With all the talk of a government shutdown and cuts in 2011 spending that would hurt nonprofits, a proposal in President Obama’s 2012 federal budget to revolutionize how the government spends money on social services has not attracted nearly as much attention as it deserves.
An idea he calls “pay for success” should be embraced by politicians from both sides of the aisle who want to see better results from social programs and more efficient use of government funds.
The proposal would provide government money to social-service groups that achieve good results.
Instead of receiving payments upfront, organizations would get government support based on the results they actually achieve.
In the interim, foundations, donors, and even private investors would provide money to run the programs.
If the programs produced results, according to an independent evaluation, the donors could get their money back and possibly more than that if the results were better than expected.
So not only does the idea help government avoid the risk of trying out programs that might not work but it also gives both foundations and government agencies a greater incentive to focus on financing what works.
Today, most federal programs simply hire nonprofits to provide a service, such as getting poor kids ready for kindergarten or providing job-skills training to people who want to get off welfare.
The results of such programs are rarely assessed, but those that have been assessed don’t always produce such great results.
To be sure, “performance based” government contracts have existed for a while.
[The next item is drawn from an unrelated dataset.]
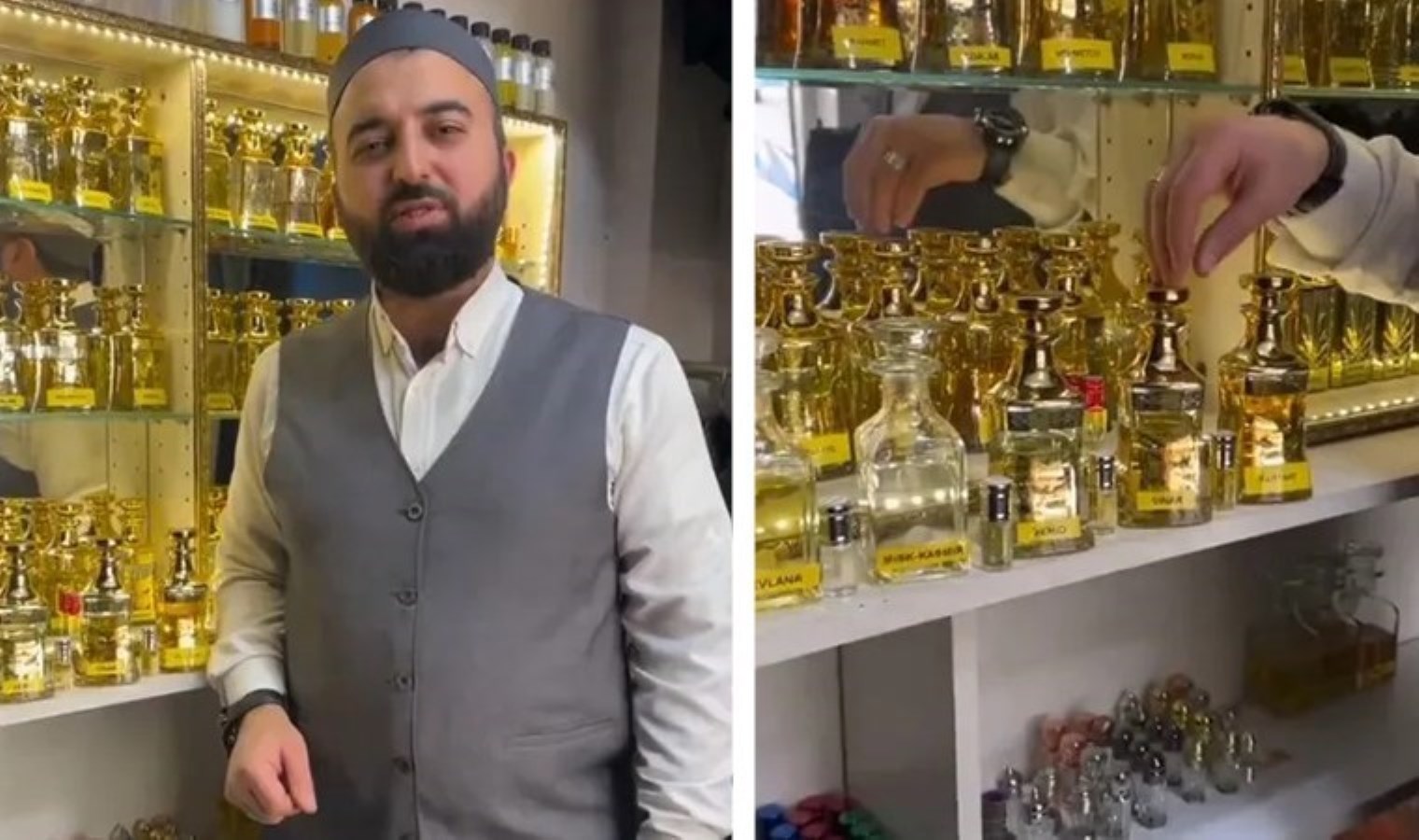 ‘Şehit Kokusu’ parfümüne Bakanlıktan inceleme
But never before have these contracts been linked to a financing system that would allow donors or investors to provide initial support with the potential to recapture the money they put into a social-service program and even earn a financial return on their money.
In this time of gaping government budget deficits, this idea is especially attractive because it helps allocate government money to proven solutions.
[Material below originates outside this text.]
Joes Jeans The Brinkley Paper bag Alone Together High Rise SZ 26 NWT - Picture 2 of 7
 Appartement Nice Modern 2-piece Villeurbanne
It also has the potential to cut spending. For instance, if a program is found to do a great job of providing job-skills training for the poor, it could reduce spending on welfare programs over time.
For people in philanthropy, “pay for success” provides a new investment option, one in which the financial return depends directly on achieving social results.
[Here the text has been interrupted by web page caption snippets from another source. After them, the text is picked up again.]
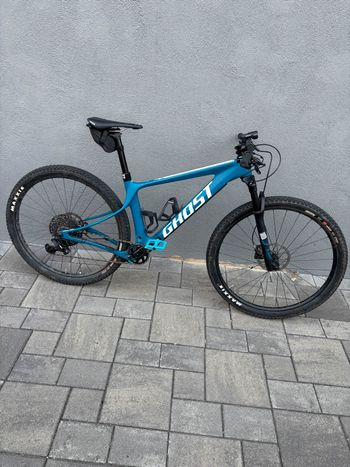 Used Ghost LECTOR Universal 2020 2020 Mountainbike, Blue, 29 — image 3 of 8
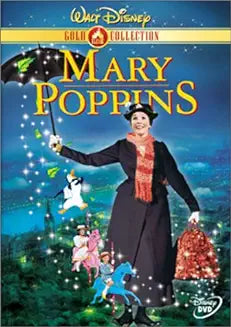 Mary Poppins (Gold Collection) [DVD]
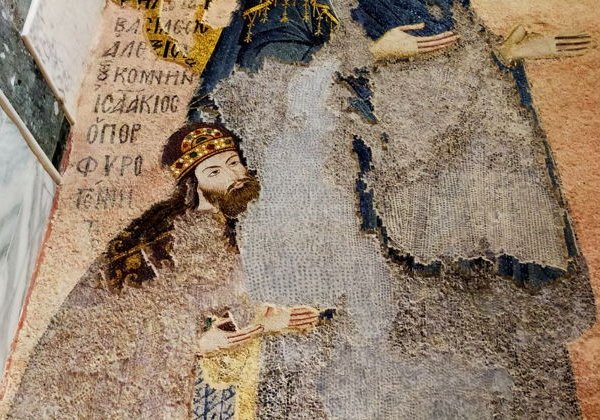 Бывший монастырь Хора — жемчужина поздневизантийской эпохи - фото 4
Tying investments to social results has become a popular concept in philanthropy in recent years.
However, for most of these investments, the level of the financial return does not directly depend on the level of social results.
The “pay for success” model, on the other hand, creates a contract that specifies the rate of return based on the level of proven social results.
The “pay for success” approach opens the door to using market-rate investment capital as well as philanthropic support to finance innovative social programs that produce better results at a lower cost to taxpayers.
But at its heart, “pay for success” is not just a financing or cost-savings program. Its success hinges on whether nonprofits are able to deliver results that are superior to current government programs.
The “pay for success” idea will not be appropriate for all social services. For the approach to work, government agencies and nonprofits must be able to track the results of the program.
In areas like school readiness or employment services, the government is already collecting much of the data needed to determine the level of program success. But for many causes, the results will be difficult to track.
If Congress agrees to give “pay for success” a try, the efforts should focus on nonprofit programs that have already undergone rigorous evaluation to prove their effectiveness and that have positive program results that would produce significant cost savings to the government.
The government is by far the largest financial backer of nonprofit services. If more of its money focused on rewarding the groups with the best results, we might witness a dramatic leap forward in solving the nation’s biggest problems while reducing spending on programs that don’t work.